Il soutient que l'administration a omis de transmettre son dossier à la direction des ressources humaines. Cette faute qui est de nature à engager la responsabilité de l'Etat lui a causé des préjudices évalués à 8 000 euros au titre de la perte de chance sérieuse d'être nommé sur l'emploi fonctionnel de responsable d'unité locale de police et au titre du préjudice moral et des troubles dans ses conditions d'existence.
Par une ordonnance du 13 janvier 2023, la clôture d'instruction a été fixée au
13 février 2023.
Un mémoire en défense a été enregistré le 26 septembre 2023 par le ministre de l'intérieur et des outre-mer et des pièces ont été enregistrés le 11 octobre 2023 pour M. A.
Vu les autres pièces du dossier.
Vu :
- le code de justice administrative.
Les parties ont été régulièrement averties du jour de l'audience.

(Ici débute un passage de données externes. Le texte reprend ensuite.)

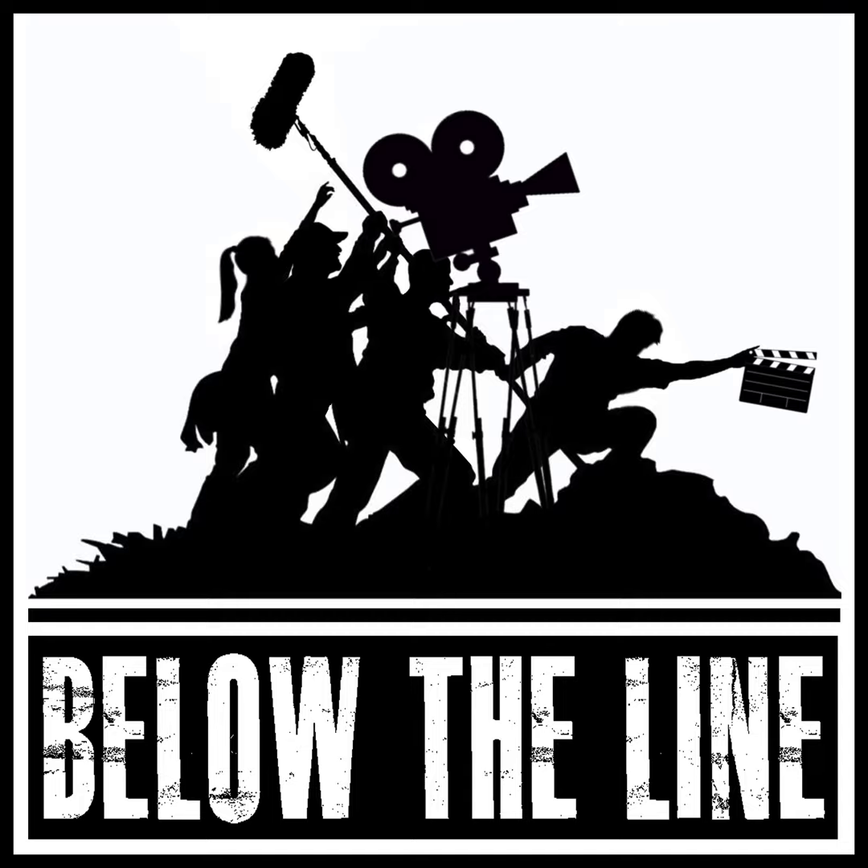Welcome to Below the Line, where we talk about working in Hollywood from the crew perspective. My name is Skid, I'm a former assistant director and your host. Today, we're talking about the craft of food styling. Rather than focus on a single project, we're going to share examples from across film and television. I've got two guests here: first, Christine Tobin, whose credits as a food stylist include Little Women, Julia, and The Holdovers.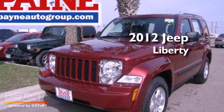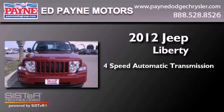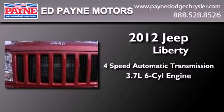This is a brand new 2012 Jeep Liberty. This SUV has a 4-speed automatic transmission and a 3.7-liter V6.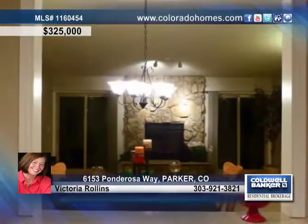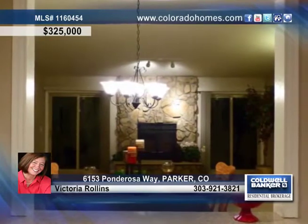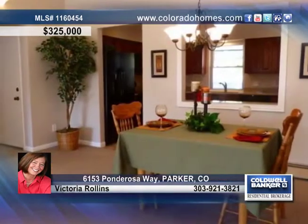This home shows off three updated baths, new paint, a new boiler, Champion windows, four bedrooms and a finished walkout basement.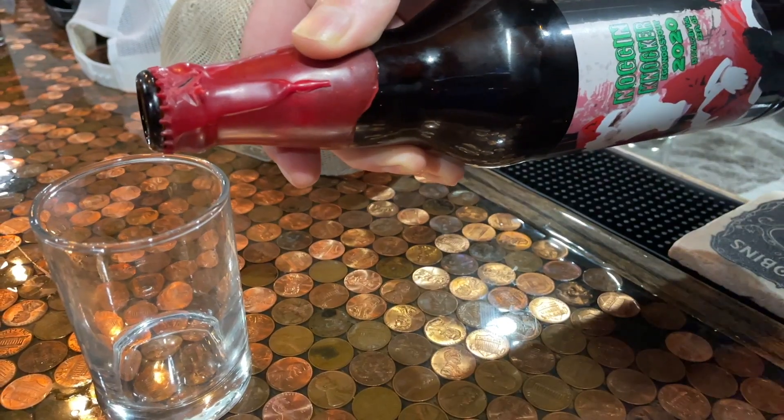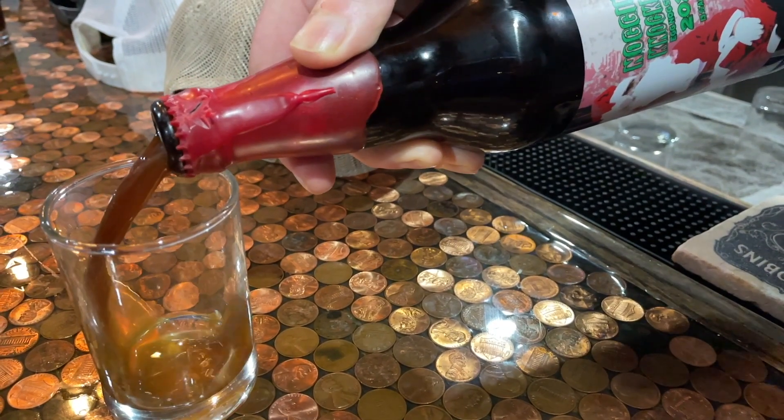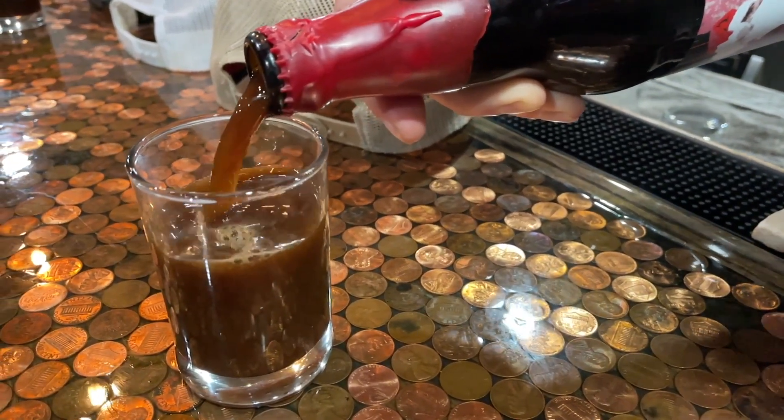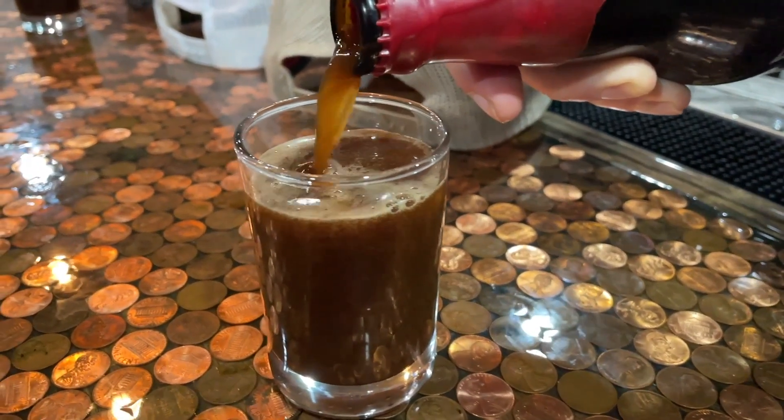Welcome to a new episode of Basic Review. We've been drinking - it's fun season four. We picked this up from Burnt Hickory Brewing in Kennesaw, Georgia. It is Noggin Knocker, an eggnog stout, their 2020 edition. It is a rum barrel aged eggnog stout at 13 percent. On the side of the bottle it says 'You'll be sorry' - 13 percent eggnog stout.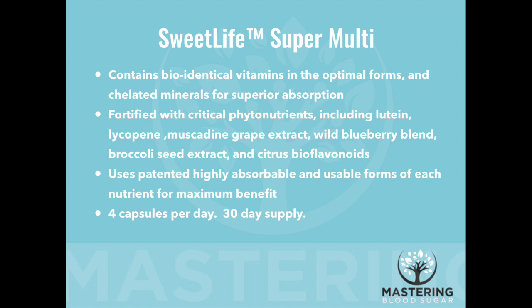We used a natural food form of selenium called Selenoxel, which has been shown through clinical research to display favorable results compared to other forms like selenomethionine. All of the minerals in our Sweet Life Super Multi blend are chelated minerals — they resist breakdown from hydrochloric acid in the stomach and display superior absorbability, so you're actually going to benefit from the vitamins and minerals you're taking.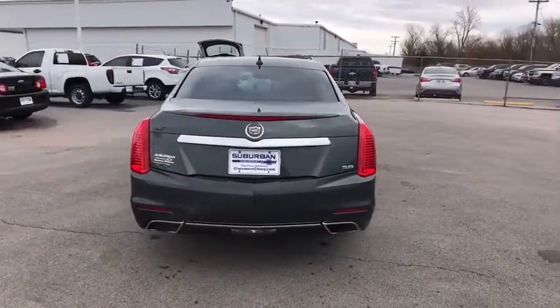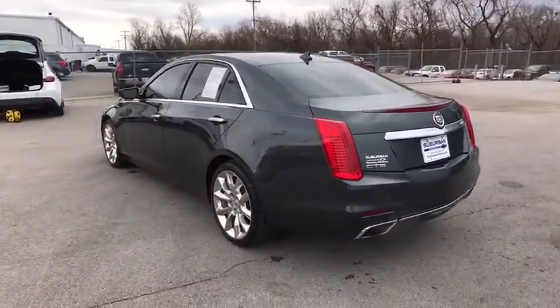This vehicle has less than 40,000 miles. Here are some of this vehicle's great options.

Ont été entendus au cours de l'audience publique :
- le rapport de M. Rebellato, rapporteur,
- et les conclusions de Mme Nikolic, rapporteure publique.
Considérant ce qui suit :
1. Par un courrier en date du 25 octobre 2021, M. A, major de police, a formé une demande indemnitaire préalable auprès du ministre de l'intérieur et des outre-mer en raison d'une faute dans la gestion de son dossier lors de la campagne d'avancement au titre de
l'année 2020. Cette demande a été rejetée implicitement par le ministre. Par la présente requête, M. A demande au tribunal d'annuler d'une part la décision implicite rejetant sa demande préalable indemnitaire et d'autre part de condamner l'Etat à lui verser la somme de 8 000 euros en raison des préjudices qu'il estime avoir subis en raison de cette faute.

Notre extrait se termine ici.